The Structure of the Insurance Market
The insurance market has evolved from the establishment of the first automobile insurance policy to the various types of life insurance products that are available today. The insurance market has a structure that involves property and casualty insurers, life insurers as well as health insurers. Each of these types of insurers have regulations that apply to the policies that they provide. Insurers are regulated by a combination of state and federal laws, depending on the type of insurance they offer.
Property and casualty insurers offer various types of insurance for individuals to purchase, such as automobile and homeowners insurance. A property and casualty insurer can also offer types of commercial insurance, such as a small business package, general business liability, umbrella policies and workers compensation. Property and casualty insurers are regulated by laws in each state where they sell policies.
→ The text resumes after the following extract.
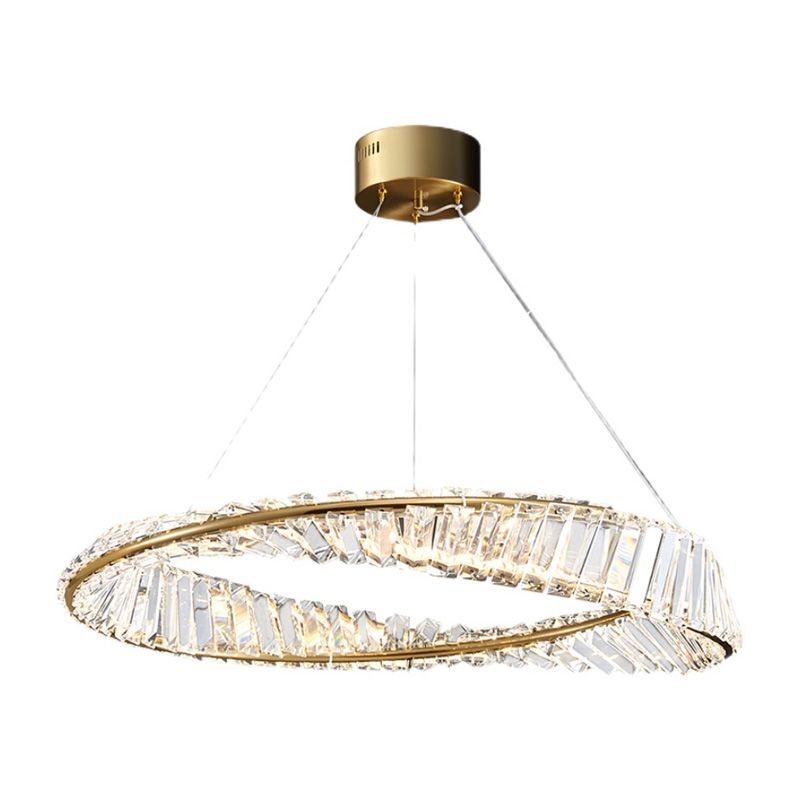 Light Luxury Style LED Pendant Chandelier Light Crystal Ceiling Pendant Light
A mutual insurance company is a company owned by policyholders. This means that each policyholder is given a vote to decide who will sit on the board of directors. A mutual insurance company can sell types of insurance or only provide one type of product or service to their customers. The earnings from a mutual insurance company are distributed to policyholders in the form of dividends.
A stock insurance company is a company owned by stockholders. Unlike a mutual insurance company, a stock insurer not only needs to protect its policyholders but also maximize profits for the company's policyholders. A stock insurance company can pay dividends to stockholders but generally do not pay dividends to their policyholders.
Property and casualty insurers can also provide types of life insurance. A life insurance company can be a mutual insurance company or part of a stock insurance company. Companies that provide life insurance usually offer financial products to their policyholders, such as annuities and certain types of mutual funds.
The insurance market also contains companies that provide health insurance policies to individuals as well as employers in the form of a group health insurance policy. Companies that provide a group health insurance policy to an employer are regulated by a combination of federal and state laws. States can also provide health insurance to residents if it is unavailable from a private insurer because of cost or ineligibility.
Many insurance companies are under a common ownership in which one corporation has one or more insurance business that act as independent companies. The most common type of common ownership for an insurance company is when it is established as a captive insurer. A captive insurer can be formed to provide coverage for various types of business risks. The most common type of captive insurer provides reinsurance coverage. This is a type of insurance where multiple insurance companies share the same loss.